Touring for Grand Views
The stunning landscape around Joseph Oregon is characterized by extremes of elevation. While most rightly associate the Joseph area with the mountains, a large area is actually made up of canyons.
Our canyons aren't just slight little things; they include the deepest gorge North America! Looking at a topographic map of the area will reveal a very furrowed landscape- in fact if it weren't for the higher mountains, Joseph might well be thought of as 'Canyon Country.'
The forces were extreme! While the Eagle Cap and Seven Devils were literally lifted up off the sea floor (you can find sand dollar fossils on the mountain tops) the relentless forces of erosion were busy carving things in the opposite direction. The process continues to this day.

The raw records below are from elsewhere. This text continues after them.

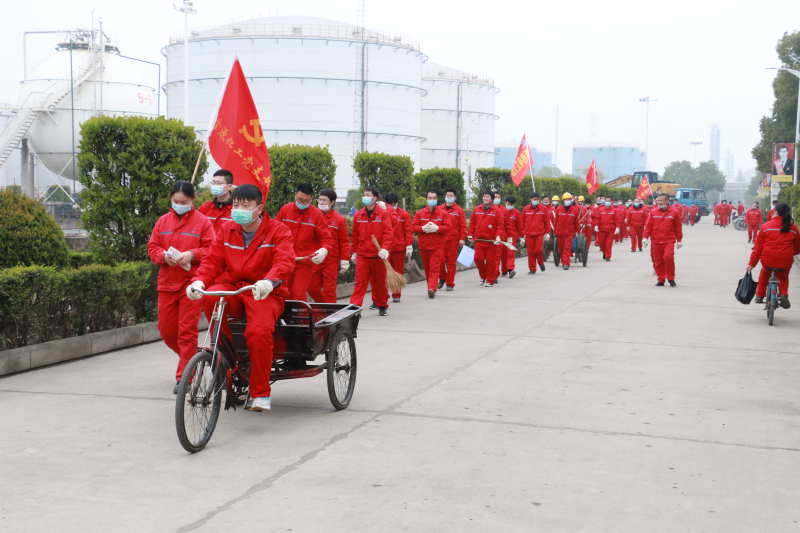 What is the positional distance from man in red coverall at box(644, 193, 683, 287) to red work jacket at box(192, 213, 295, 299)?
11632 millimetres

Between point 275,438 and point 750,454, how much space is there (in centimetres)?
304

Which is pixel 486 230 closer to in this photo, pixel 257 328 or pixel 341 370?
pixel 341 370

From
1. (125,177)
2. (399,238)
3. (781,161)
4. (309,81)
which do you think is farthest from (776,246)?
(309,81)

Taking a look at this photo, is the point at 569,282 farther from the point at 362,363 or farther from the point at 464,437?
the point at 464,437

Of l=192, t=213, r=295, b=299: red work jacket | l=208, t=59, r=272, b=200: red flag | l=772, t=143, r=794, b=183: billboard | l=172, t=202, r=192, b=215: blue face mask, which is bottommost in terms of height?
l=192, t=213, r=295, b=299: red work jacket

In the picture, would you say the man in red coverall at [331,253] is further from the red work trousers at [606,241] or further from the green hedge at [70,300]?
the red work trousers at [606,241]

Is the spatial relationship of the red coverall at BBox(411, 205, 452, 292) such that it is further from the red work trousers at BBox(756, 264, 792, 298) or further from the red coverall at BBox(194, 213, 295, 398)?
the red coverall at BBox(194, 213, 295, 398)

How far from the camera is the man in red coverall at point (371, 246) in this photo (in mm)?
11531

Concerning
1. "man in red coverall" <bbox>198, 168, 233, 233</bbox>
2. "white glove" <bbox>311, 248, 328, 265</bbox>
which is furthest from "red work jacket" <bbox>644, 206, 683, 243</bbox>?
"man in red coverall" <bbox>198, 168, 233, 233</bbox>

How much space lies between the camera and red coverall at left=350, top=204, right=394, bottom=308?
A: 11.5 meters

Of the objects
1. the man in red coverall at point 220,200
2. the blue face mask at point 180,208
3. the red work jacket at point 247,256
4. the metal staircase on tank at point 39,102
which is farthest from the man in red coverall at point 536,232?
the metal staircase on tank at point 39,102

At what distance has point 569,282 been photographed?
16.9 m

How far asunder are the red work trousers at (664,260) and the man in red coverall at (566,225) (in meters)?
4.61

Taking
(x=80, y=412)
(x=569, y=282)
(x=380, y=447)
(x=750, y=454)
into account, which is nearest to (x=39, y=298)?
(x=80, y=412) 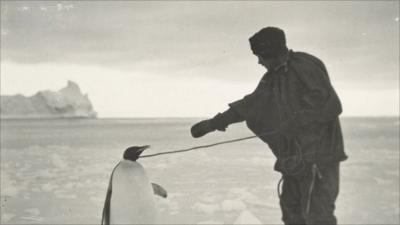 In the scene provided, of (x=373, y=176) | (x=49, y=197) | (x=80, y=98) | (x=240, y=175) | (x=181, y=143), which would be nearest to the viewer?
(x=49, y=197)

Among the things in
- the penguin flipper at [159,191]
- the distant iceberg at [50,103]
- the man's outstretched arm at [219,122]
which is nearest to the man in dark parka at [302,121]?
the man's outstretched arm at [219,122]

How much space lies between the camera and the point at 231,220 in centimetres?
1212

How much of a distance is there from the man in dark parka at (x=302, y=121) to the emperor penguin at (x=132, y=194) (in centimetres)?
66

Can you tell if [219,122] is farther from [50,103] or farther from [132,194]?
[50,103]

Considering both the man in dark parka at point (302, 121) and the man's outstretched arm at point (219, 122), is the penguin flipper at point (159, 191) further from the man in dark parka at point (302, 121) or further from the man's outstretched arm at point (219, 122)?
the man in dark parka at point (302, 121)

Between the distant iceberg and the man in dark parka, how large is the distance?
150 ft

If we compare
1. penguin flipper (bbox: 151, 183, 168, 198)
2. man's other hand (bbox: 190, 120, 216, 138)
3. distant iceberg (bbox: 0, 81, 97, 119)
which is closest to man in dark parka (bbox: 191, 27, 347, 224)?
man's other hand (bbox: 190, 120, 216, 138)

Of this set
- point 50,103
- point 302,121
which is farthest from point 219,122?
point 50,103

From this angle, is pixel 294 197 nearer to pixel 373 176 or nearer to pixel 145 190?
pixel 145 190

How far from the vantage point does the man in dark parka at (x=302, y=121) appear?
1.83m

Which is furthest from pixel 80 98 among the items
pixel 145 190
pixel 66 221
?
pixel 145 190

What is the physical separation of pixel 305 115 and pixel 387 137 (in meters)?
38.1

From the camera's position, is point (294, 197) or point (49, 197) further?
point (49, 197)

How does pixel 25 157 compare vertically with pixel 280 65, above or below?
below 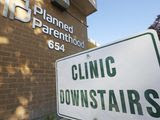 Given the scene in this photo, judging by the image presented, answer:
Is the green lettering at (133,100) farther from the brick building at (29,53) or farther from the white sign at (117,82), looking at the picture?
the brick building at (29,53)

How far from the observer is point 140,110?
0.77 meters

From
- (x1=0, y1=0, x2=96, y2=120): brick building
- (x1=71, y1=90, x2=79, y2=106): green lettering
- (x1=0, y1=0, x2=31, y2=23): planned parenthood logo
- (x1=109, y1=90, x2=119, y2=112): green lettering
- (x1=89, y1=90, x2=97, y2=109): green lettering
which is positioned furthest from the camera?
(x1=0, y1=0, x2=31, y2=23): planned parenthood logo

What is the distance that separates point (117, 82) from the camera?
880 millimetres

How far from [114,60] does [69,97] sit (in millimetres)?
496

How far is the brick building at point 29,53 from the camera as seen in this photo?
2.67m

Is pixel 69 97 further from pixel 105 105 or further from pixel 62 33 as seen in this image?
pixel 62 33

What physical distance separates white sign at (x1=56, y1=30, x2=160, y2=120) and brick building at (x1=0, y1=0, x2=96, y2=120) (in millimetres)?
→ 1913

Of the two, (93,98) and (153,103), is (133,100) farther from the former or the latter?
(93,98)

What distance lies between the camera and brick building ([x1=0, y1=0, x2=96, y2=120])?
2.67 meters

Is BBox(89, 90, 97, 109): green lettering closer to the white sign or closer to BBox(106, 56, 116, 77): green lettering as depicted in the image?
the white sign

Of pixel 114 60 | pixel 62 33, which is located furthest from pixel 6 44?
pixel 114 60

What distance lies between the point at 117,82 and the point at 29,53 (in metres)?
2.68

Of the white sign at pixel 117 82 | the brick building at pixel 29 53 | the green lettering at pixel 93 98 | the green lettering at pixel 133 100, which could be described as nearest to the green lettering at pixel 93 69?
the white sign at pixel 117 82

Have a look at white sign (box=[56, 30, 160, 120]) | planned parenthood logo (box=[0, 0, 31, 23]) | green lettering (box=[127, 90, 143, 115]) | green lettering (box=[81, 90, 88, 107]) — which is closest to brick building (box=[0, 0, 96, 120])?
planned parenthood logo (box=[0, 0, 31, 23]) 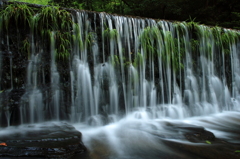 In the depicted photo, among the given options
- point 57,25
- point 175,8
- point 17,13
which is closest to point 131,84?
point 57,25

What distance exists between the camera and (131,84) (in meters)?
5.90

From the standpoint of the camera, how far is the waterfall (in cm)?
491

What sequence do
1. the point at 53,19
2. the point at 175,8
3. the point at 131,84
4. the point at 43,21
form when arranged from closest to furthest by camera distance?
the point at 43,21, the point at 53,19, the point at 131,84, the point at 175,8

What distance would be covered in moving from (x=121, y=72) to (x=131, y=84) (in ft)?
1.63

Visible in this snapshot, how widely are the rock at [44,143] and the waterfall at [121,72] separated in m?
1.13

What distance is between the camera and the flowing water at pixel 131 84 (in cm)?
463

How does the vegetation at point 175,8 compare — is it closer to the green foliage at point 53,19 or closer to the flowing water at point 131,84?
the flowing water at point 131,84

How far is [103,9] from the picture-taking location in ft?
37.7

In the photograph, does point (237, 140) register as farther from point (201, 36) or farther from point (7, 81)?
point (7, 81)

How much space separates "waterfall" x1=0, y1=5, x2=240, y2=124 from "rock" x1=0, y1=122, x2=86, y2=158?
113 centimetres

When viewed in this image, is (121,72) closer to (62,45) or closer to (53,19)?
(62,45)

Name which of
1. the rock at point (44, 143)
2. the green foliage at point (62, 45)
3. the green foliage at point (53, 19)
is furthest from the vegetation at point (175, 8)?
the rock at point (44, 143)

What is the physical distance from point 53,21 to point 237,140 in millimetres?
5304

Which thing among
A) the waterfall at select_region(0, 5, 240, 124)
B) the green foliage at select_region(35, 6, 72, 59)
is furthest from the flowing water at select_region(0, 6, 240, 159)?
A: the green foliage at select_region(35, 6, 72, 59) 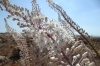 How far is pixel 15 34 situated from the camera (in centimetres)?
351

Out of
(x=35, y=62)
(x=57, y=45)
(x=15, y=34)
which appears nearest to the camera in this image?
(x=57, y=45)

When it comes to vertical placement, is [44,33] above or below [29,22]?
below

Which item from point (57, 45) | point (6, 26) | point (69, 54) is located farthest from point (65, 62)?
point (6, 26)

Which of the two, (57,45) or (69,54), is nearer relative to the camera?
(57,45)

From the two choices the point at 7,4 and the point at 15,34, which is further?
the point at 15,34

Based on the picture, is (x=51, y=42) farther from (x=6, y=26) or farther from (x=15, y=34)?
(x=6, y=26)

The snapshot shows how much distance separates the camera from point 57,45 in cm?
256

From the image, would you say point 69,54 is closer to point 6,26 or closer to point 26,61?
point 26,61

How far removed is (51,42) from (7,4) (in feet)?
3.11

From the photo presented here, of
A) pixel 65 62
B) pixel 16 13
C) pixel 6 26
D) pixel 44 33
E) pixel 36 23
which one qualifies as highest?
pixel 6 26

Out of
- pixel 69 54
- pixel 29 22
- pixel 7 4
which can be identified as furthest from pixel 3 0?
pixel 69 54

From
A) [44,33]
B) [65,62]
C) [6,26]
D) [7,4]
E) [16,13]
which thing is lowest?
[65,62]

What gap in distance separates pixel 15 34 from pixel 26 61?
25.2 inches

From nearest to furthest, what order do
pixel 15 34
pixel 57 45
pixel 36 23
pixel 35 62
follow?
pixel 57 45 → pixel 36 23 → pixel 35 62 → pixel 15 34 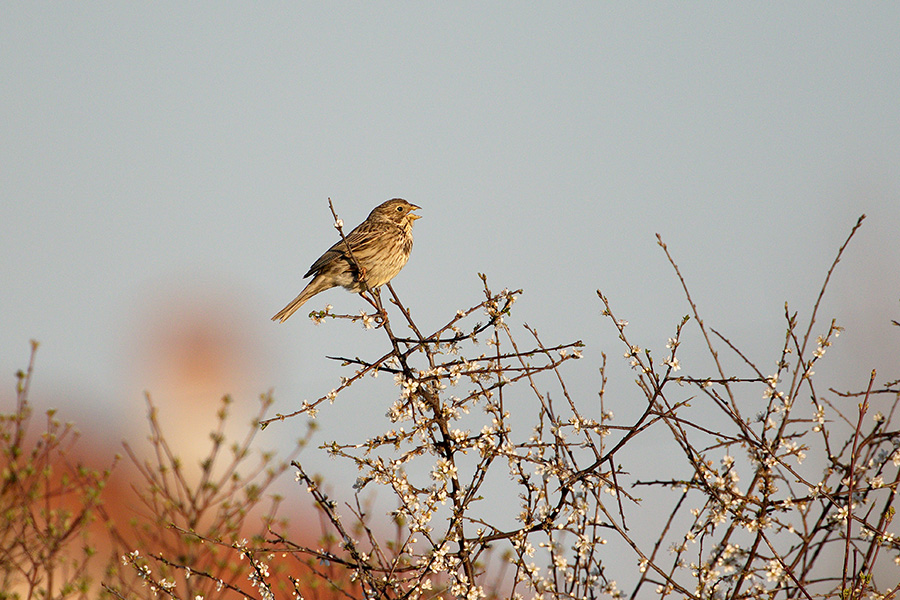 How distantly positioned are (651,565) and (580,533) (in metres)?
0.62

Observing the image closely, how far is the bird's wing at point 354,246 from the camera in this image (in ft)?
25.4

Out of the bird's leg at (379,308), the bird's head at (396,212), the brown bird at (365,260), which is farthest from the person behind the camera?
the bird's head at (396,212)

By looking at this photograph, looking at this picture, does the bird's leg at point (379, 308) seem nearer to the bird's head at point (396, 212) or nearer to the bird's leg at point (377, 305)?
the bird's leg at point (377, 305)

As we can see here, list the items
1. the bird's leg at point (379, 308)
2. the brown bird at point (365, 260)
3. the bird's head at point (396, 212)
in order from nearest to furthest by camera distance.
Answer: the bird's leg at point (379, 308)
the brown bird at point (365, 260)
the bird's head at point (396, 212)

Northeastern Oregon's eastern boarder is defined by the mighty Snake River/Hells Canyon, the deepest gorge in North America. The Seven Devils Range sits just across that border in Idaho and accentuates the elevation difference. Also cutting across the area are two other major canyons: Joseph Creek and The Imnaha, along with a multitude other smaller creeks that form canyons of their own.
The greatest canyon expanse can be seen at Buckhorn where the Imnaha converges with the Snake River to create an immensely vast and rugged landscape that stretches out for miles. It includes views of both the Devils and the Eagle Cap. It's absolutely breathtaking, even if you have visited the Grand Canyon.
As you drive around the area you'll notice a patchwork of tree sizes. This area, including all of the massive 652,488 acre Hell Canyon Recreation Area (HCNRA) is subject to lightning caused wildfires due to the convective (thunderstorm) activity generated by the heat in the canyons themselves. Fire has always been part of the area's natural history and is a necessary ingredient for the health and indeed the survival of many of the species that have evolved on this land. After years of fire suppression, scientific study revealed the error in our ways and thankfully the Forest Service now practices prescribed burning in the HCNRA, returning the forest to a more natural, healthier state. Burning the ladder fuels helps to protect these forests from catastrophic wildfires that kill everything. It also creates park-like stands of Ponderosa Pine that are some of the most beautiful on the planet.
You could spend many days just touring for your favorite vista, but beware; while some are a Sunday drive, others are quite harrowing and might make you feel like you're in one of those movies about Peru. So before you depart please consider the guides below and in all cases drive slow anywhere you can't see around corners; it's surprising just where you'll encounter traffic or animals. Check your spare and come prepared with plenty of gas and water and don't forget your camera!